De cela témoigne non seulement
l’instabilité d’un mode de vie individuel, mais tout autant la prolifération
technologique d’objets qui n’ont jamais vu le jour, de modules lunaires qui
n’ont pas abouti, de projets Apollo restés en attente, de missions sur Mars dont
les rétrotypes, les desseins et les dessins avortés portent encore la force, la
puissance projective d’un prototype. Le prototype est forcément un rétrotype
abandonné par la suite des productions qu’il devait inspirer. Un déchet d’une
certaine manière. Mais il conserve en acte tous les potentiels, tous des
avenirs qui maintiennent en puissance l’ouverture de son dessin, de son tracé,
de sa trajectivité. Il s’agit dans le prototype, échoué au fond d’une archive,
d’une strate projective qui laisse active toutes les puissances qu’elle recèle.
Cette ontologie, cette égalisation ontologique des rétro-futurs, conduit Elie
During à excaver un être en puissance, une somme transfinie de potentialités,
de simulacres ou simulateurs qui sont donnés en acte seulement dans quelque prototype
expérimental.
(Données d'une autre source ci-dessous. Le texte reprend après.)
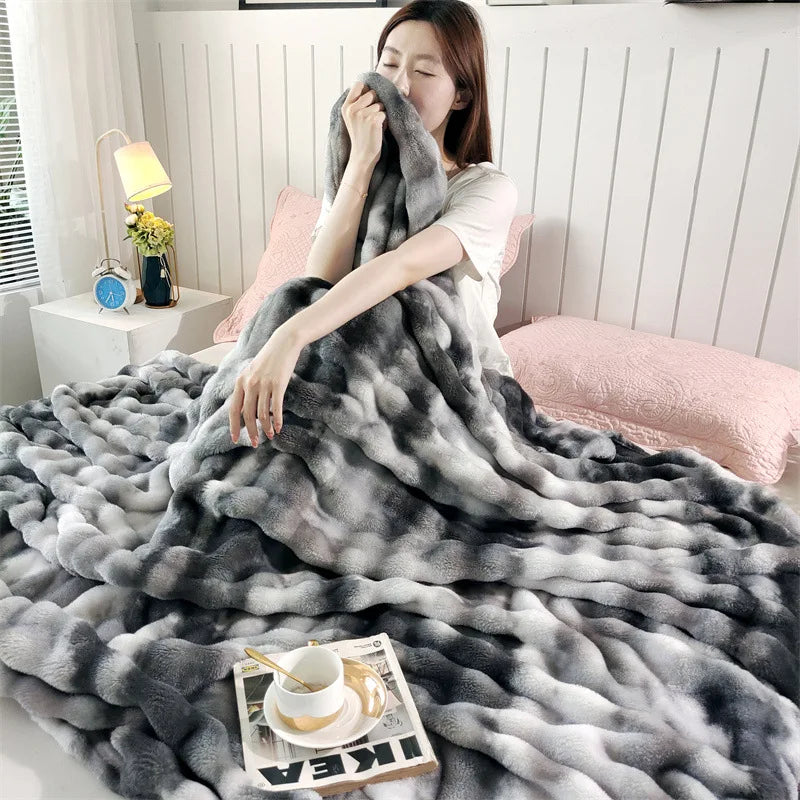 Afralia™ Cozy Gradient Bubble Fleece Throw Blanket, Plush All-Season Nap Blanket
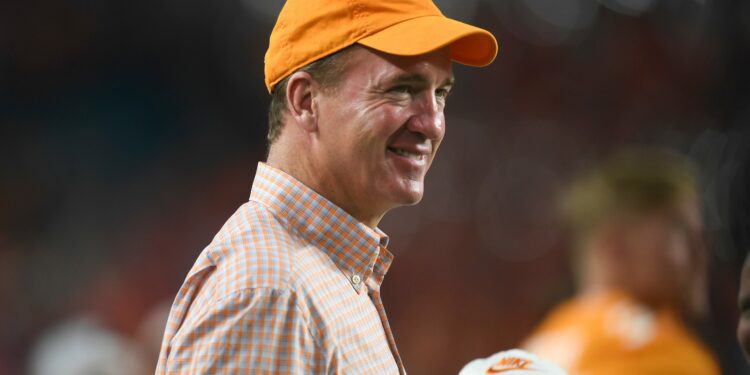 Peyton Manning makes appearance as Tennessee professor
Il y a dans tous les futurs du passé, dans tous les avatars de la
création une mine explosive d’événements qui forment des exceptions, qui sont
excédentaires, surnuméraires à la clôture historique du passé. Ce que Deleuze
d’une certaine manière nommait contre-effectuation.
L’effectuation est finalement
assez pauvre. L’ordinateur que j’utilise est déjà obsolète au moment où j’en
fais l’acquisition. Ses possibles se voient effectués dans la frappe assommante
de ses redites. Mais au-delà de ce plan d’effectuation, le proto-type qui ne
voit jamais le jour se contre-effectue selon un mode anhistorique. Il ne
saurait tomber dans le présent pour se laisser absorber par la suite rétrécie
de l’histoire où il s’abîmerait. Et c’est de ce plan virtuel qu’il peut faire
retour sous des formes, des modulations, des types modulaires dont la création
pour ainsi dire s’éternalise. Le futur, quel qu’il soit, comporte donc une part
qui se contre-effectue sous une région quasi-transcendantale, un temps flottant,
une zone encore virulente qui en occasionne le rappel, le retour, la répétition.
Dans ce cosmos torrentiel chaque événement entre en une archive qui conserve le
pluriel de sa pointe, et vaut comme un marqueur de différences, une mémoire de
ses futurs. Le possible ne devient pas plus réel une fois qu’il est devenu ce
qu’il est. C'est plutôt l'inverse! La part la plus puissante du possible accompagne chaque acte comme
son ombre. Ce sont ces parts d’ombre que cherche à rendre plus claires Alain Bublex
qui illustre la réflexion du philosophe en même temps qu’elles l’accompagnent
selon l’étroite affinité de la collaboration.